I work with one man from whom I must ask instructions often, and he is always very curt and gruff with me. I try to repeat back to him what I think he has said so I can be sure I understand the procedure (active listening, right?) and he seems to snap at me; interrupting me to tell me how wrong I am instead of letting me finish to see if I have understood anything at all. It makes me feel like he thinks I don’t understand anything and that he has to repeat everything from the beginning. It is insulting and not an efficient method of instruction.
I have been in a class in which we were learning how to do some things with a command line interface which most of my coworkers have been doing with a GUI for quite some time. The speed with which the information was presented made it somewhat difficult for me to follow, not because I couldn’t understand the terminology, but because I don’t yet have a good grasp of the big picture. I always find it difficult to process details until I have a bird’s eye view of the problem. I like to do the frame first when I build a jigsaw. And I refer to the picture on the box often.
So, though I understand why it wasn’t clicking with me, it still left me feeling a little slow. Though I know that Lloyd is like that with everyone, it still left me feeling like he thought I was stupid.
It is hard for me to feel stupid. My ability to think and learn and communicate are the last things I have that I could point at and at which I could say that I was consistently above average. It helped me stave off the feelings of failure that I have accumulated in much of the rest of my life.
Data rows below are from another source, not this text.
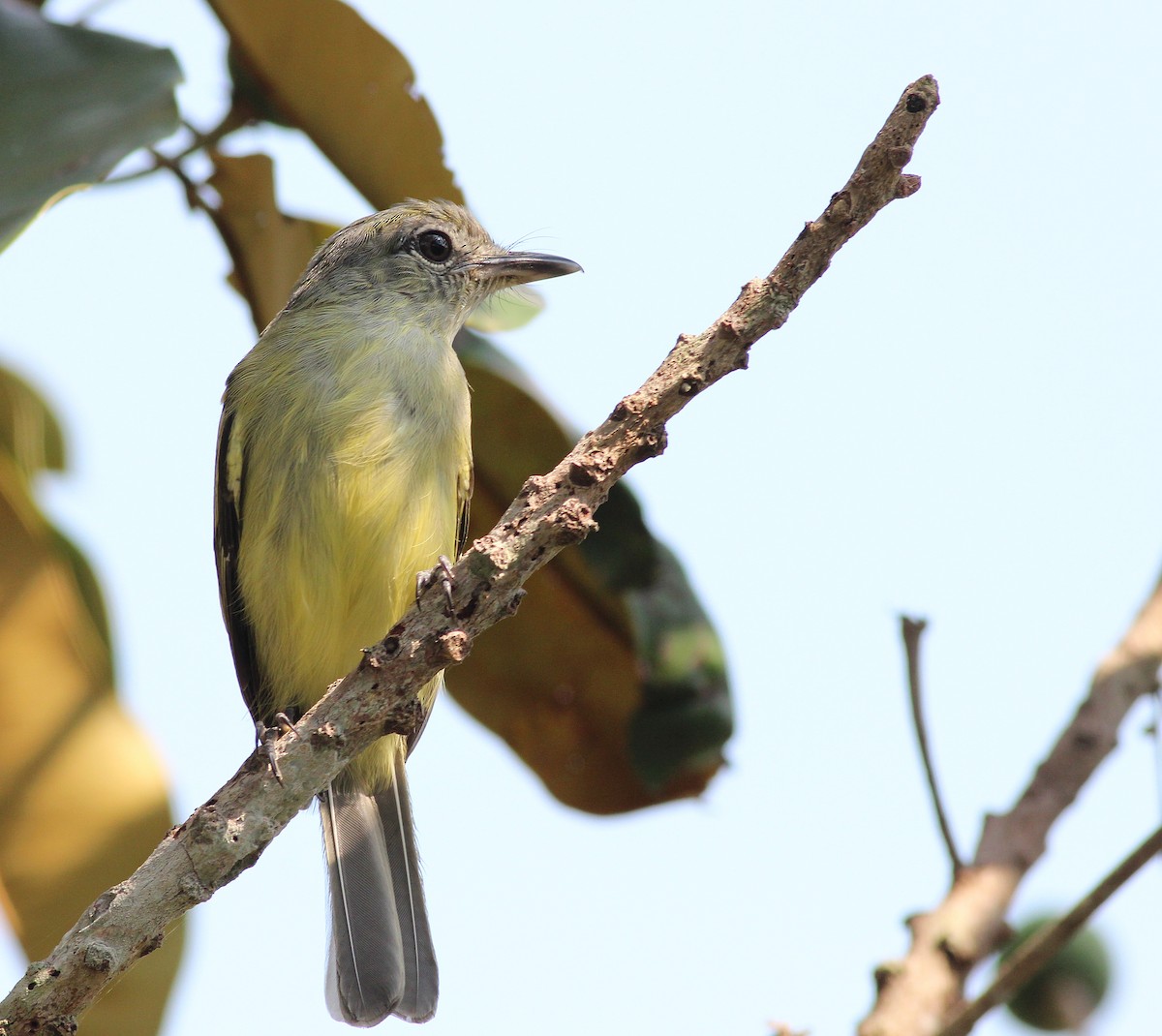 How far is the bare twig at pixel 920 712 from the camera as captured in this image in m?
2.60

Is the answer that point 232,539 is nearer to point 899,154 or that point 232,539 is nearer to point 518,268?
point 518,268

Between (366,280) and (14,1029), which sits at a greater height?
(366,280)

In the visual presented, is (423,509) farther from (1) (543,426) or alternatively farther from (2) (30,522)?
(2) (30,522)

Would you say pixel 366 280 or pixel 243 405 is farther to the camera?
pixel 366 280

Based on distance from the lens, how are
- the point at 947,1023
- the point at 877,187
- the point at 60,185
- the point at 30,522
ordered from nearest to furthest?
the point at 947,1023, the point at 877,187, the point at 60,185, the point at 30,522

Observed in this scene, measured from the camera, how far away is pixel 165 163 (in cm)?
435

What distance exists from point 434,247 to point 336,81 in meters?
0.67

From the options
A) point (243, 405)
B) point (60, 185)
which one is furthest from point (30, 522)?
point (60, 185)

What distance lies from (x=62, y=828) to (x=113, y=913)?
4.47 ft

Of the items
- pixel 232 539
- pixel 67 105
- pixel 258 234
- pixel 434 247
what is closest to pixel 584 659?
pixel 232 539

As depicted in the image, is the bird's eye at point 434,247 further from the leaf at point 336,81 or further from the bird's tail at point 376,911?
the bird's tail at point 376,911

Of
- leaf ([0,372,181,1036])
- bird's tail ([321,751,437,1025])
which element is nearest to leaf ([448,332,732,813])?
bird's tail ([321,751,437,1025])

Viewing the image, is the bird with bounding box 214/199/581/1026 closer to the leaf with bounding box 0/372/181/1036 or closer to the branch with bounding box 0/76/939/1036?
the leaf with bounding box 0/372/181/1036

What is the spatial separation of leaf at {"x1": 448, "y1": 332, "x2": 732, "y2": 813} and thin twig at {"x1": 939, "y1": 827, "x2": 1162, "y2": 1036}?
6.57 feet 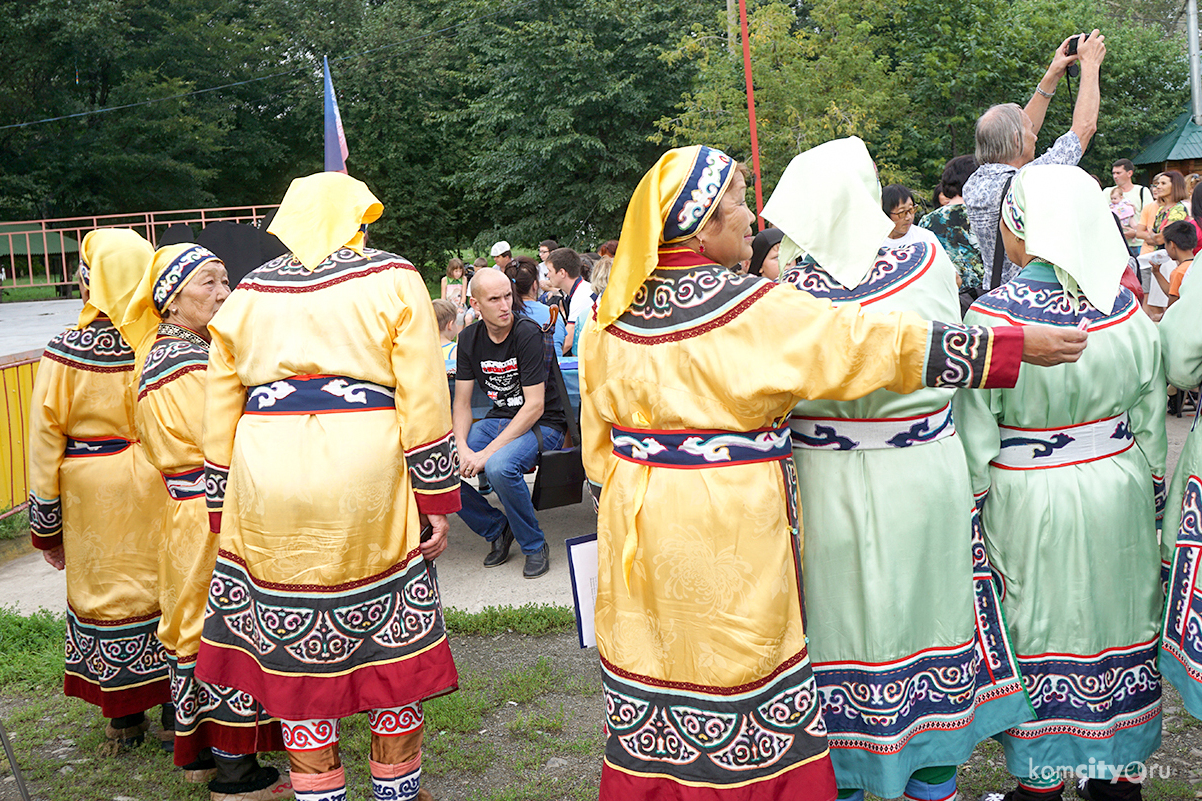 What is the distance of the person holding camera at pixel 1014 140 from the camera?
4.01m

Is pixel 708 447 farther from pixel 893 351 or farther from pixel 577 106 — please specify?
pixel 577 106

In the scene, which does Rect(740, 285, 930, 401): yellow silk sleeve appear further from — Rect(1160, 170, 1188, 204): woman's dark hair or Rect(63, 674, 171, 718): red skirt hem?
Rect(1160, 170, 1188, 204): woman's dark hair

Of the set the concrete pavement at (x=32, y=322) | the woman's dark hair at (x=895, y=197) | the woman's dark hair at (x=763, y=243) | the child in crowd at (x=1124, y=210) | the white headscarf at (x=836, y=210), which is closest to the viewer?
the white headscarf at (x=836, y=210)

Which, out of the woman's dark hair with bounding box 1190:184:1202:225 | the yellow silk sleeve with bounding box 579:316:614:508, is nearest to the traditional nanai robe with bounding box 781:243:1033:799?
the yellow silk sleeve with bounding box 579:316:614:508

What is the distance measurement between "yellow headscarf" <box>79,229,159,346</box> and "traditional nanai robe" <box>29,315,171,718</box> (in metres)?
0.13

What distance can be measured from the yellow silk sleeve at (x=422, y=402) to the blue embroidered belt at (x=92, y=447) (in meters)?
1.56

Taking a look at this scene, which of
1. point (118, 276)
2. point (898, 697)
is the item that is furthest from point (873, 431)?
point (118, 276)

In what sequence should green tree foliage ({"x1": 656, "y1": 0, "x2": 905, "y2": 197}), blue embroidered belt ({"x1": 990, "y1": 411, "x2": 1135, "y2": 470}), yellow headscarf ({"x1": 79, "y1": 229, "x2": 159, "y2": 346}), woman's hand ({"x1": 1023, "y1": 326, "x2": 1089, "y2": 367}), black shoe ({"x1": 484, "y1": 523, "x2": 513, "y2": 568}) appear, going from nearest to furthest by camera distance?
1. woman's hand ({"x1": 1023, "y1": 326, "x2": 1089, "y2": 367})
2. blue embroidered belt ({"x1": 990, "y1": 411, "x2": 1135, "y2": 470})
3. yellow headscarf ({"x1": 79, "y1": 229, "x2": 159, "y2": 346})
4. black shoe ({"x1": 484, "y1": 523, "x2": 513, "y2": 568})
5. green tree foliage ({"x1": 656, "y1": 0, "x2": 905, "y2": 197})

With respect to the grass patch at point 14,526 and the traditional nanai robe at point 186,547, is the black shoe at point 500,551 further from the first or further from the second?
the grass patch at point 14,526

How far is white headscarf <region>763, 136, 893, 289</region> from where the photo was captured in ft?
8.49

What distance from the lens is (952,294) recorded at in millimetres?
2691

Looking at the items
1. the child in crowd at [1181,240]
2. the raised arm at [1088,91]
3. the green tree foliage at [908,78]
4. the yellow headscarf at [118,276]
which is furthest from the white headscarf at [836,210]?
the green tree foliage at [908,78]

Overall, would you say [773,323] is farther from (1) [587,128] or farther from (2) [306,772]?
(1) [587,128]

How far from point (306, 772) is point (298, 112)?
29365 mm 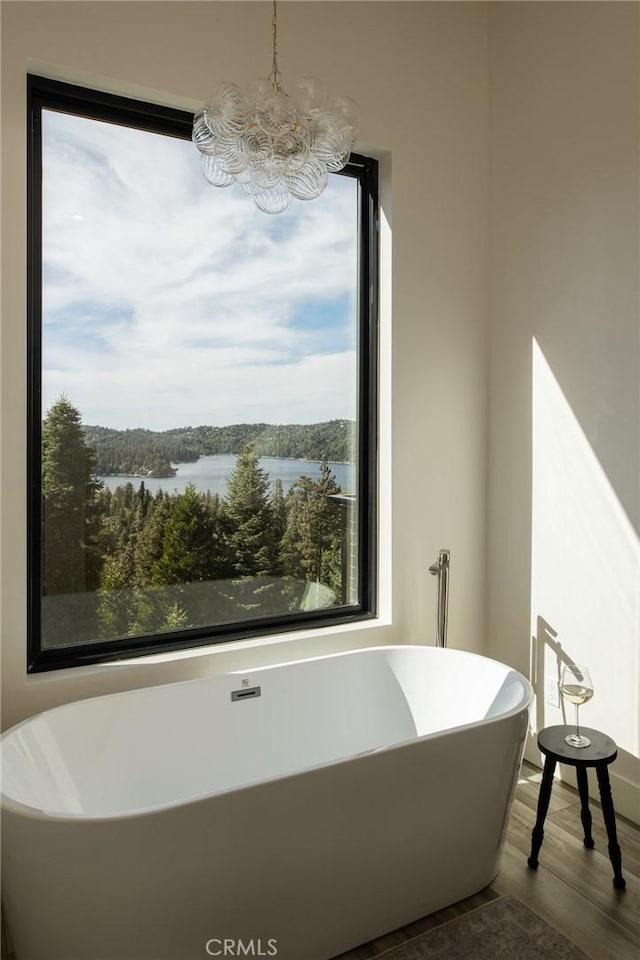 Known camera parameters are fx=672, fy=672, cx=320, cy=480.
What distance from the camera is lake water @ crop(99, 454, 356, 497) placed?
8.40 feet

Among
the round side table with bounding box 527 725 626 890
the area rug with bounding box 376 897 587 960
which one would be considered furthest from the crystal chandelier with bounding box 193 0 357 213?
the area rug with bounding box 376 897 587 960

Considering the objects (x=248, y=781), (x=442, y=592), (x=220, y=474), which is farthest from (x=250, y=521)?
(x=248, y=781)

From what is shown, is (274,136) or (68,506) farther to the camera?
(68,506)

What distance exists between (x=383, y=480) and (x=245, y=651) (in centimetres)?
96

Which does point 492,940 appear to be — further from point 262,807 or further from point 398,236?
point 398,236

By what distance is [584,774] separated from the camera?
7.33 feet

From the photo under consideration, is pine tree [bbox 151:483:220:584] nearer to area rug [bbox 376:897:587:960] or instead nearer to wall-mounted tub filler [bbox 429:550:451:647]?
wall-mounted tub filler [bbox 429:550:451:647]

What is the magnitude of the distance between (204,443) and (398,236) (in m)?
1.25

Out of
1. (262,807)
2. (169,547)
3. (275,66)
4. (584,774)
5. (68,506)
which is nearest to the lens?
(262,807)

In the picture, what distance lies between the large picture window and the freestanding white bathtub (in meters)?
0.32

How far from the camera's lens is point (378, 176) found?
2.98 metres

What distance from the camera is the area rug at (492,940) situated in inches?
72.5

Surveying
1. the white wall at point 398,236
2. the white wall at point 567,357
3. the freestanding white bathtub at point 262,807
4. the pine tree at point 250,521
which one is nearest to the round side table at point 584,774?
the freestanding white bathtub at point 262,807

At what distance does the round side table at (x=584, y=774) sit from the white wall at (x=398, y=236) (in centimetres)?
86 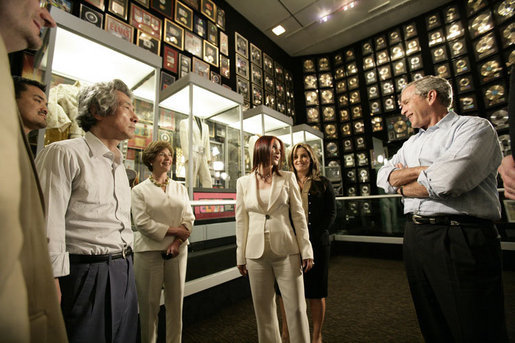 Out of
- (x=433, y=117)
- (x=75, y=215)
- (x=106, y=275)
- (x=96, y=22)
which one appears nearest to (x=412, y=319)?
(x=433, y=117)

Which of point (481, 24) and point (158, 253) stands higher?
point (481, 24)

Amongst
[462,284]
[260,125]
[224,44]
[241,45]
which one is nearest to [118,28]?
[224,44]

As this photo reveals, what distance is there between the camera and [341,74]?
6793 mm

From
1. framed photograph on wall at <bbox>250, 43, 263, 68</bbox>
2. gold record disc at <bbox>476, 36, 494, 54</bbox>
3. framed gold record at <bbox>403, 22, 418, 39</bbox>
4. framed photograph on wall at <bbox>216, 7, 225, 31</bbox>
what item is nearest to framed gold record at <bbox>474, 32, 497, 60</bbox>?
gold record disc at <bbox>476, 36, 494, 54</bbox>

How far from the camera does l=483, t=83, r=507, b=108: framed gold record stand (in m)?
4.45

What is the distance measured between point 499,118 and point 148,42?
6.74 meters

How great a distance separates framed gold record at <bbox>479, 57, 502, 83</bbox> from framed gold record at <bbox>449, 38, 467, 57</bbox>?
535 millimetres

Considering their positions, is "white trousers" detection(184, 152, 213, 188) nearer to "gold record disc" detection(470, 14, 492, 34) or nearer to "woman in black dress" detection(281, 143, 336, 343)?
"woman in black dress" detection(281, 143, 336, 343)

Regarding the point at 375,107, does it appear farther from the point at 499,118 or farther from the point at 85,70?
the point at 85,70

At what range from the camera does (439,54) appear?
534 centimetres

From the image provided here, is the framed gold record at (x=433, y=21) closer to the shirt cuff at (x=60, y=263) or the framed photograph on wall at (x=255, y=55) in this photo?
the framed photograph on wall at (x=255, y=55)

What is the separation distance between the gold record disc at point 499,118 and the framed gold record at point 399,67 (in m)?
2.13

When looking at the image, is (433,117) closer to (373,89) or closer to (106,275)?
(106,275)

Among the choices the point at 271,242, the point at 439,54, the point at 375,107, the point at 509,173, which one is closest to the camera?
the point at 509,173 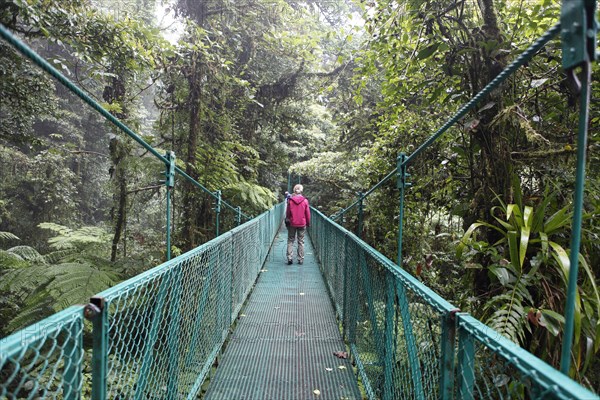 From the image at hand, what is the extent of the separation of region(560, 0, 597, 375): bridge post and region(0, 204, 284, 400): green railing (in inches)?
43.0

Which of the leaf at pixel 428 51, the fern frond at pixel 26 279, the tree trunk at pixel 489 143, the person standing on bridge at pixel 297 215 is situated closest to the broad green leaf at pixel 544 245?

I did make some breakthroughs in the things I was doing. I had enough brilliant moments to be able to remember that I wasn’t stupid; I did enough good things to remember I wasn’t a failure. I am not sure why this week felt harder than normal. I am not sure why I dislike myself more or why I feel this futility.
I just know that I do. And I find myself staring at it like some sort of alien life form that has infested my biosphere, because I know that it does not belong in my heart. It is not natural.
Dr. Temperance "Bones" Brennan: I don’t want to be the sexy science lady.Special Agent Seeley Booth: And I don’t want to be the sexy FBI guy, Bones. But we can’t change who we are. –Booth, Bones
How could you let them spy on me? Well they were clever Leonard. They exploited my complete lack of interest in what you were doing. –Sheldon, The Big Bang Theory
And you run and you run To catch up with the sun But it’s sinking Time, Pink Floyd
*The thought of not waking up does not bother me. Death holds no sting for me. I figure there is more to my existence after this life. I look forward to the next chapter. Not so much that I want to skip ahead, mind you, but I won’t lament it when it comes.
And, if I am wrong, and this life is all there is, then I will have no conscience with which to form regrets for the things I have not done, will I?
Regrets come when we contemplate our mortality, not when we experience it.